Irish terriers love the chase and like other hunting breeds, they may thrive on bringing home a catch. They make great dogs for farmers or anyone with a large amount of land or out buildings that may be prone to housing vermin. You can count on an Irish terrier to keep your land or farm pest free and you can be he will thoroughly enjoy the job.
Your Irish terrier's hunting instincts will also make him a great watchdog. Though his size will make him appear not to be much of a physical threat, he will be a persistent barker whenever there is a stranger afoot, and will do his best to defend his territory and his owners. In fact, you may find that your Irish terrier's fearless nature makes him quite foolish as he would be more than willing to take on a large opponent if he felt it was necessary.
Irish terrier owners are wise to understand that the unique traits that make them good hunting dogs also mean that they have special needs. Exercise is critical to the Irish terrier's health and happiness; so don't make the mistake of thinking that you've purchased a lap dog. They don't need a great deal of space for their activities, but they do need an outlet. And, because of their daredevil nature, they should only be allowed to exercise off leash in areas where they are properly confined.
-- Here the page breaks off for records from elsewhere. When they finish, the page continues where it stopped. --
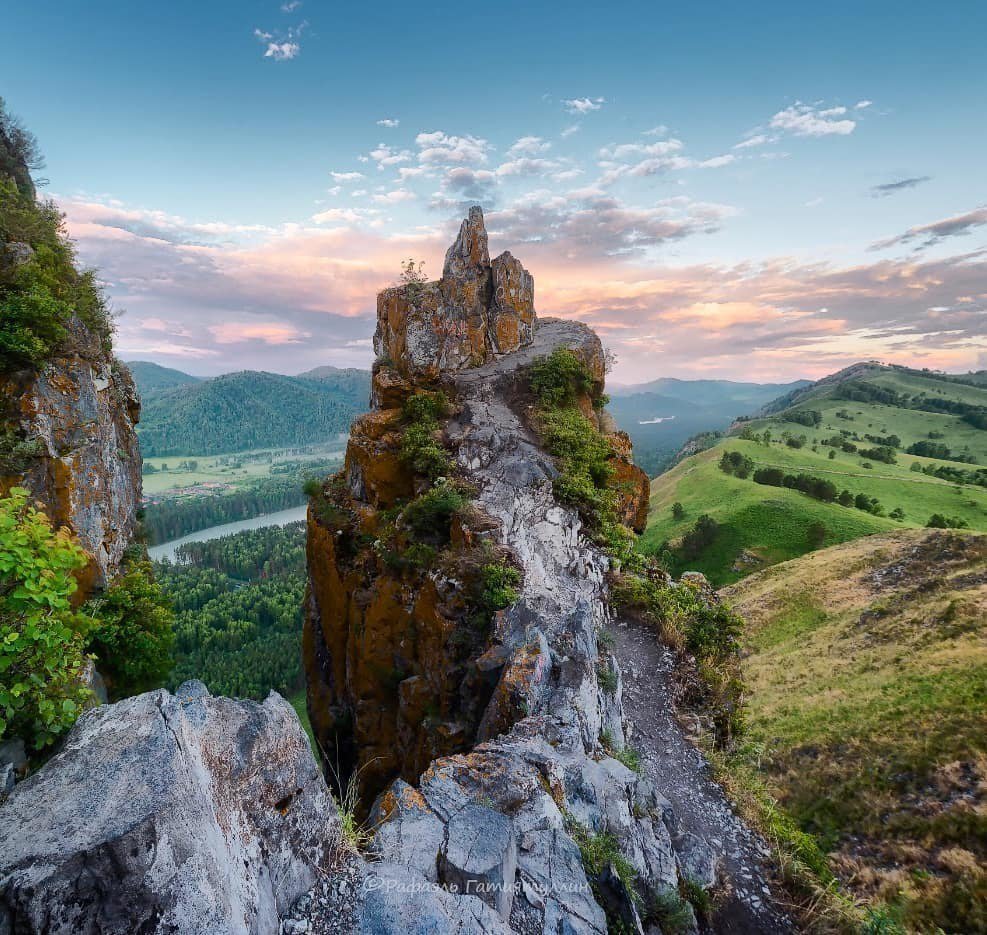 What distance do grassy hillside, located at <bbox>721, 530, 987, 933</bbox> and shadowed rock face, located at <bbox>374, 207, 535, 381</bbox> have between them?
18536 millimetres

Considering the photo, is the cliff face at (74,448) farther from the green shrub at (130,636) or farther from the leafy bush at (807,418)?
the leafy bush at (807,418)

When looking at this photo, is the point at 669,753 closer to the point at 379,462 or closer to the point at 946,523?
the point at 379,462

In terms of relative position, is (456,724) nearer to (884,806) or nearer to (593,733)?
(593,733)

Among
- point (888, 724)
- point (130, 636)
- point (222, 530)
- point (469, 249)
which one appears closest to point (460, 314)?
point (469, 249)

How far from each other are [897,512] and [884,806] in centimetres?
7054

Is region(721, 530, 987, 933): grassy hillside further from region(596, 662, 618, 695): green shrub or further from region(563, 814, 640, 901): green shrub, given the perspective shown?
region(563, 814, 640, 901): green shrub

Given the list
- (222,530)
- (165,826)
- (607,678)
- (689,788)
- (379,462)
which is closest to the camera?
(165,826)

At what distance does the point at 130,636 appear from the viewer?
550 inches

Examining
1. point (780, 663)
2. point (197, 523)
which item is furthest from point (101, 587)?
point (197, 523)

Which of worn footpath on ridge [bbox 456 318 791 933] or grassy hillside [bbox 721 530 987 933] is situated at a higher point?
worn footpath on ridge [bbox 456 318 791 933]

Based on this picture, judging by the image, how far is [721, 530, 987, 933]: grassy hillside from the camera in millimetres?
12297

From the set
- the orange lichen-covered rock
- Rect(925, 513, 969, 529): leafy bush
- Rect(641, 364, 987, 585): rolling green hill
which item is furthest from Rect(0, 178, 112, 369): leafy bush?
Answer: Rect(925, 513, 969, 529): leafy bush

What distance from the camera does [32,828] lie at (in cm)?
358

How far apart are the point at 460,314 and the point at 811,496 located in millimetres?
75751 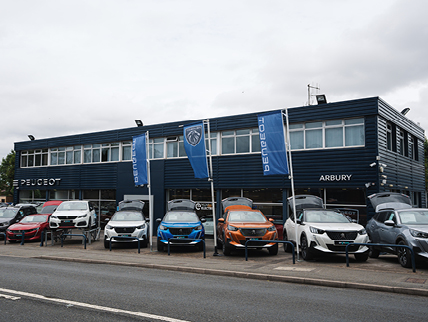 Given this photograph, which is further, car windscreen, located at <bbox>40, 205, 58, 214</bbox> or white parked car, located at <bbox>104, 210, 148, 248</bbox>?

If your Irish terrier isn't getting the exercise or activity he needs to stay mentally and physically challenged, consider participating in luring competitions with him. These challenges simulate fox or other small game hunting, but without any harm to any animals. Such activities allow your Irish terrier to use, and further develop, his sense of smell and his tracking and hunting abilities. Irish terriers thrive on such activities, as they give them the exercise they need along with a purpose in life.
Irish terriers have many assets originally designed to make them effective hunters that can be used in many other capacities. These traits are a large part of what gives the Irish terrier their unique personalities and capabilities, and are one of the reasons they are so well suited for pets and companion dogs as well as still being one of the best small game tracking dogs you'll ever find.